After thinking about it, another part of the answer is in the article in how he talks about his daughter. To me, he came off emotionally detached from her. He comes off emotionally detached in his show; when expressing his feelings, it strikes me as more cerebral than real, though this may be how the show is edited.

In short, I don't trust him.

Bad Lieutenant said...

Buwaya, +1000. She "beautifully, brilliantly, bitterly" identified and described the enemy. It doesn't surprise me that Robert Cook doesn't like her writing. Would be very displeasing if he accepted her insights.

Bob, I challenge you to justify your assessment of my friend. Preferably in your own words rather than a quote from Victor Gollancz or Gore Vidal.

That said, "hamburger sandwich?" Really, Aynnie?

Robert Cook said...

"Cookie, admit it! You only think Rand was a bad writer because she was the antithesis of Communism."

Actually not. It's because her characters are, at best, two-dimensional caricatures of "types," and are simply moved around and words put into their mouths to suit the didactic purposes of Rand, and not because they act as living human beings would. They don't converse so much as they declaim.

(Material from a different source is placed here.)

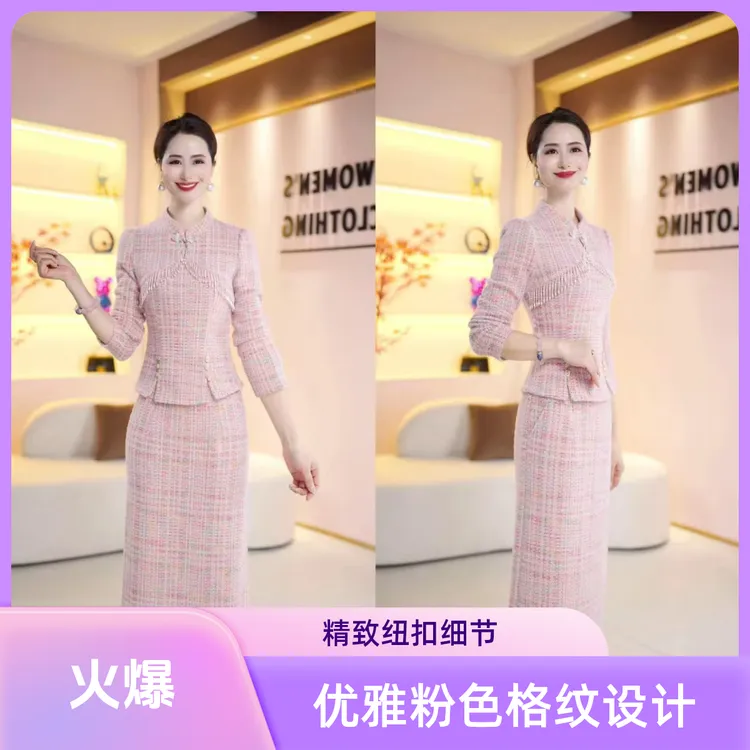 丹思俪2025秋季新款时尚遮肉显瘦显高显白气质百搭两件套8729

I actually liked THE FOUNTAINHEAD when I read it in college, as I was intrigued by the idea of the artist who lives only for his work and adheres to no standard for his work but his own. I thought his blowing up the building project at the end was crazy, but I enjoyed it as a fantasy of the independent artist. I did find the rapey romance between Roark and the Rand stand-in whose name I don't recall very weird.

ATLAS SHRUGGED seemed promising, and might even have worked as a stirring polemic for a particular view of the world--one that is also fantasy in its extremes of black and white, lacking (and scornful of) the nuances of character that make humans interesting--but Rand's lack of empathy for human beings and her tendency to substitute endless repetitive filibuster for convincing argument turns the book into the screed of a sociopath. Oh, and the rapey relatiosship stuff is back, in spades.

Mind you, I read each book in college, many years ago, and I can remember the books only in stark outline. I can't really recall any of the actual plot machinations of ATLAS SHRUGGED, except for an interminable peroration of John Galt toward the end of the book, but I remember thinking at the time how childish these characters were, resentful of all the people in the world who did not meet their standards of proper character and strength of will. That's like a lion being scornful of a rabbit or a mouse, or a scion of the Rockefellers or Duponts being resentful of the people who serve them.

In short, Rand is basically hateful.

Sebastian said...

Late to the dinner party, but: "eat a lot of shit, and basically do whatever the fuck I want.” Yeah, that's brilliant, quicksilver stuff.

On O in the article: O may like the otherness of others, it's the otherness of Americans he can't stand.

Kirby Olson said...

Sunday, by Philippe Soupault

The plane weaves the telegraph wires
and the spring sings the same song
At the coachmen's headquarters the apéritif is orange
but the train conductors have white eyes
the woman has lost her smile in the woods

donald said...

I quit my job and started my first business two days after I finished Atlas Shrgged. Never looked back.